Ieri il governatore di Bankitalia ha negato pressioni, ma al tempo stesso - parlando in Commissione - si è levato un sassolino nei confronti dell'ex premier raccontando di un pranzo a Bankitalia tra Renzi, Delrio, Padoan e l'intero direttorio di via Nazionale durante il quale - racconta Visco - l'allora premier chiese «perché non ci parla delle banche in difficoltà e io dissi che di banche in difficoltà parlavo solo col ministro dell'economia».

Malgrado il segretario del Pd abbia espresso apprezzamenti per le parole di Visco sulla inesistenza di pressioni da parte della sottosegretaria Boschi, la replica non si fa attendere: «A chi critica me per aver affrontato le crisi aziendali, anche bancarie - scrive il segretario del Pd - rivendico con forza il fatto che davanti a qualsiasi crisi aziendale, il Presidente del Consiglio debba informarsi, agire, aiutare».
 
Poi una precisazione anche su quanto detto il giorno prima dal ministro dell'Economia Pier Carlo Padoan - in relazione all'attivismo dell'allora ministro Boschi in materia di banche - e finito «al centro di un vortice mediatico per aver detto una cosa banale: che il ministro dell'Economia non autorizza mai alcun ministro. Per forza: nessuno deve autorizzare un collega pari grado». Dal vortice mediatico Renzi vorrebbe uscire ma non sarà facile e mentre il Pd resta nella bufera i pentastellati salgono nei sondaggi con Di Maio che ieri, nel salone delle feste del Quirinale dove avvengono anche i giuramenti dei governi, sembrava prendere le misure. «Se risulteremo essere il primo partito tocca a noi», ripete il vicepresidente della Camera forte di un sondaggio inglese che dà il M5S al 33 per cento. Non è tanto il calo del Pd, che sarebbe ora al 25 per cento, quanto la crescita grillina e la sostanziale tenuta leghista ad allarmare il Nazareno.

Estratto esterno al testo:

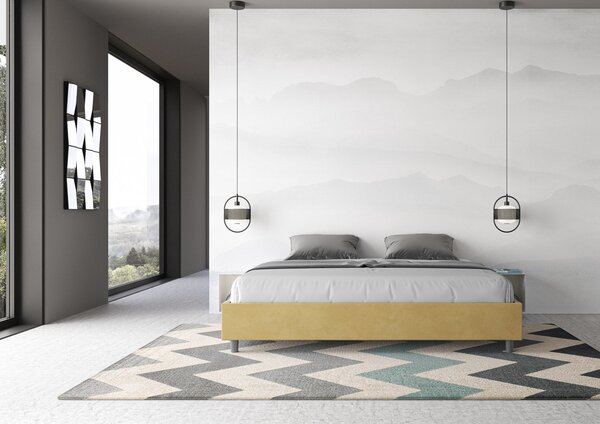Letto Matrimoniale Extra Large Sommier 190x190 cm Senza Rete Azelia Ocra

Il segretario del Pd, che ieri al ricevimento del Quirinale, non è andato per impegni di famiglia, osserva il «ballo sul Titanic» di coloro che «fingono» di non temere una possibile vittoria elettorale del M5S e sta al gioco scrivendo in mattinata - mentre l'audizione era ancora in corso - una nota con la quale ringrazia molto Visco «per le parole di apprezzamento che ha rivolto al mio Governo nella sua audizione». «Confermo che abbiamo sempre avuto la massima collaborazione istituzionale, anche quando non eravamo d'accordo su tutto nel merito. Mi fa piacere che egli finalmente fughi ogni dubbio sul comportamento dei ministri».

Se si tratta dell'annuncio di una sorta di tregua tra via Nazionale e il Nazareno, è presto per dirlo. Anche se l'interesse potrebbe essere reciproco visto che il lavoro della Commissione volge al termine con il voto su una o più relazione. Malgrado le polemiche il segretario del Pd si mostra tranquillo anche se nel Pd la tensione è forte, ma nessuno ha coraggio e forza di mettere in discussione la leadership renziana. Nel frullatore resta la Boschi con una parte dell'opposizione interna che auspica - a bassa voce - un passo indietro rinunciando alla candidatura.